What you have to do =
What is needed here is an exact printout of the data, with no pictures included.

Source material =
┏━━

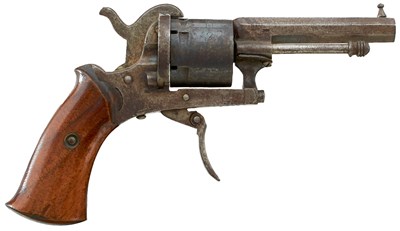 Lot A 7MM CONTINENTAL SIX-SHOT PINFIRE GUARDIAN MODEL REVOLVER FOR THE AMERICAN MARKET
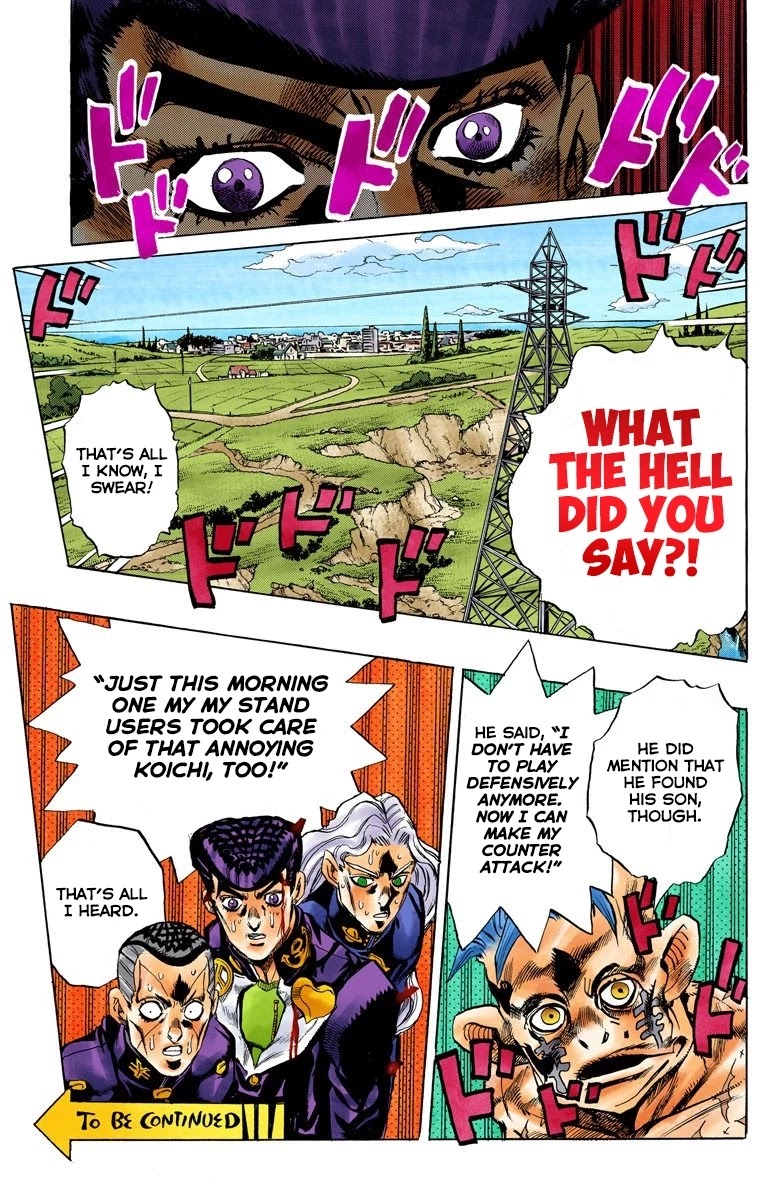 JoJo's Bizarre Adventure Part 4 - Diamond is Unbreakable (Official Colored) chapter 138 page 20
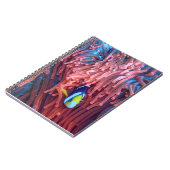 水中競技航海の写真海洋動物写真 ノートブック (左側)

┗━━

Exercise solution =
 Lot A 7MM CONTINENTAL SIX-SHOT PINFIRE GUARDIAN MODEL REVOLVER FOR THE AMERICAN MARKET
 JoJo's Bizarre Adventure Part 4 - Diamond is Unbreakable (Official Colored) chapter 138 page 20
 水中競技航海の写真海洋動物写真 ノートブック (左側)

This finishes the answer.